Work required: Given the entries below, would you transcribe exactly the lines starting at the one with "2nd image of 513 Villa St" and ending at the one with "Dual Defence Mesh", both kept, pictures omitted, nothing extra?
⟨
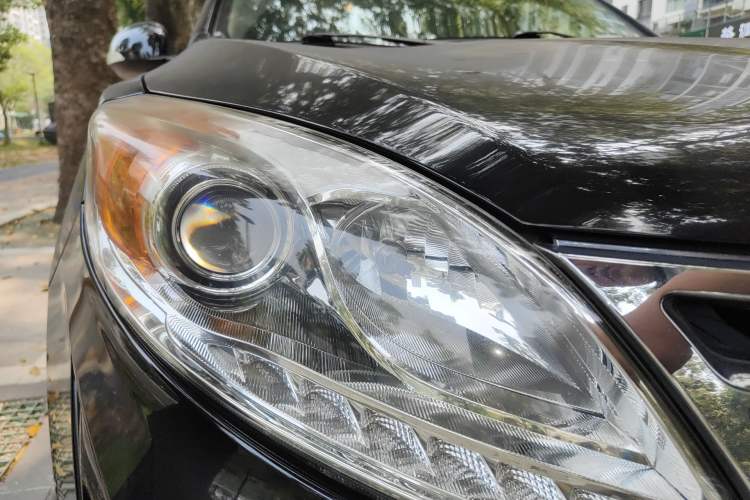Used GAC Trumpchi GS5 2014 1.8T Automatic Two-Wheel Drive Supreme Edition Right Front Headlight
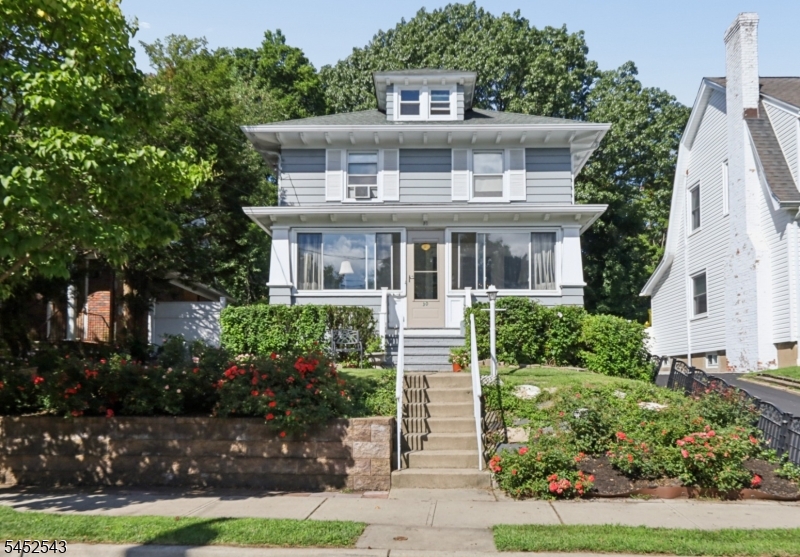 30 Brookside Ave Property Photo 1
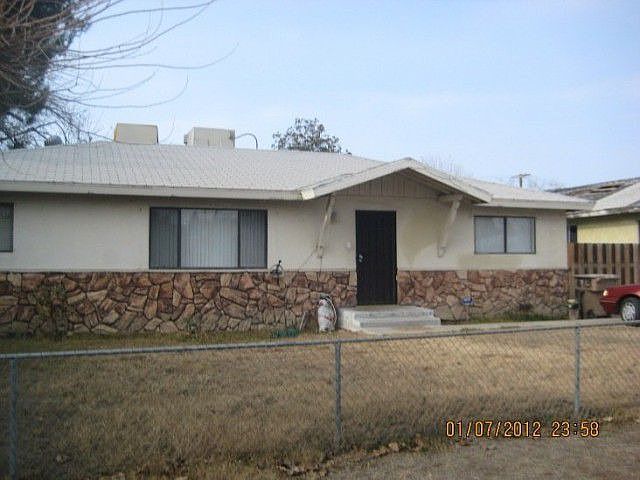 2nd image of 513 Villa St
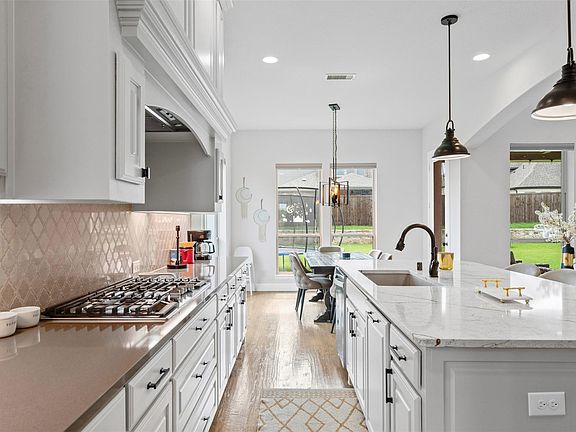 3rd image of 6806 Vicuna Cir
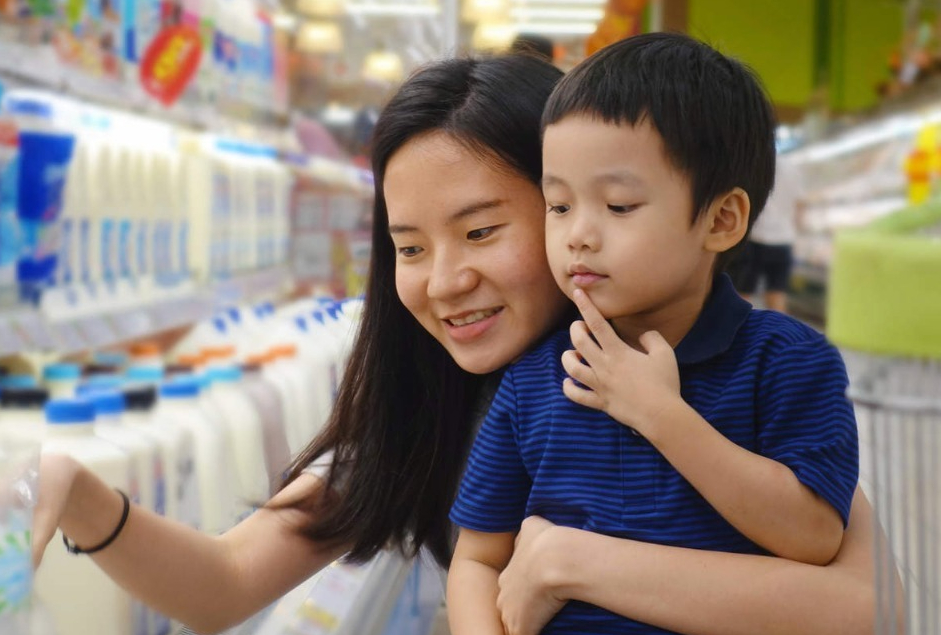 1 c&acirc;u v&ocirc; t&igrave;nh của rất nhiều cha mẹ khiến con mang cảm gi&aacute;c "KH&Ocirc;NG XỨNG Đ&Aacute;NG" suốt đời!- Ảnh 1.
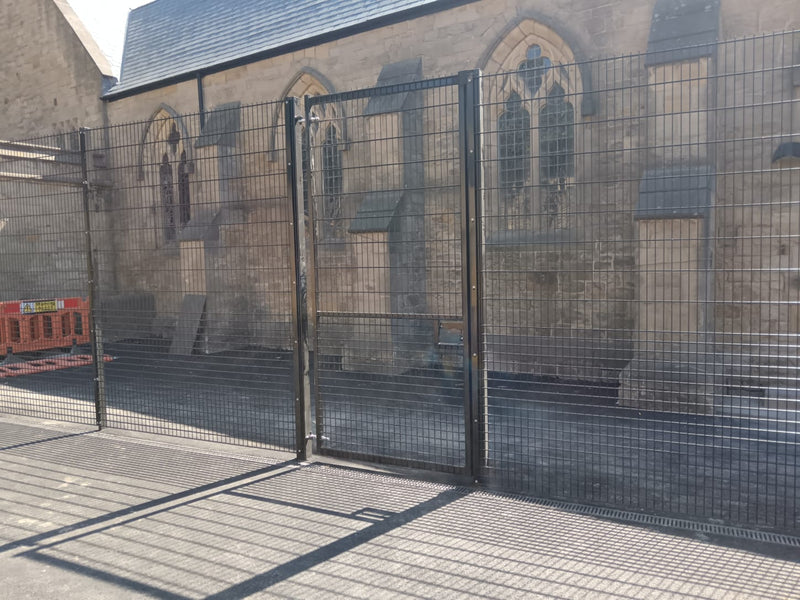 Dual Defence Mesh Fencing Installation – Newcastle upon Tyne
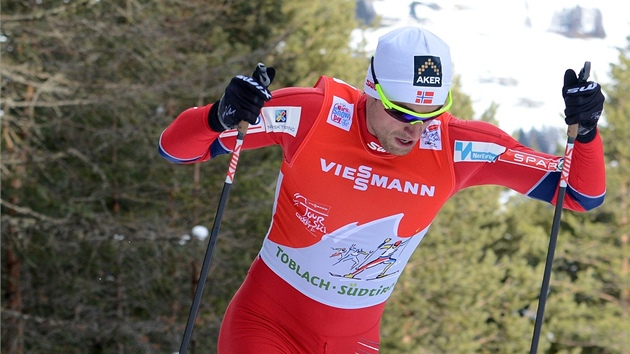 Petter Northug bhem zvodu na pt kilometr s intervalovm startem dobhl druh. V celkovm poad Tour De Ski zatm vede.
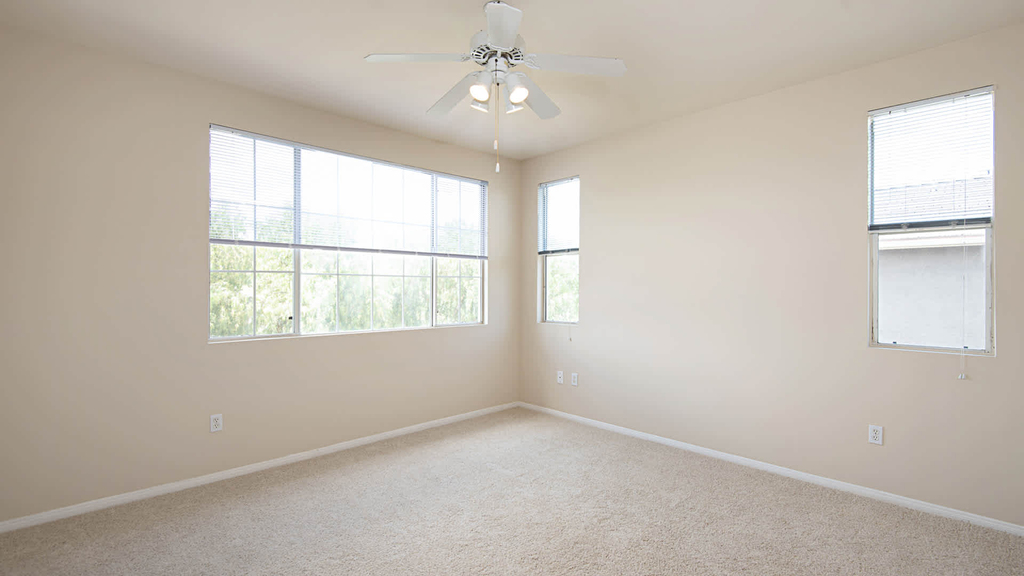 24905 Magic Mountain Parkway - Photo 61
⟩
Answer to this task:
 2nd image of 513 Villa St
 3rd image of 6806 Vicuna Cir
 1 c&acirc;u v&ocirc; t&igrave;nh của rất nhiều cha mẹ khiến con mang cảm gi&aacute;c "KH&Ocirc;NG XỨNG Đ&Aacute;NG" suốt đời!- Ảnh 1.
 Dual Defence Mesh Fencing Installation – Newcastle upon Tyne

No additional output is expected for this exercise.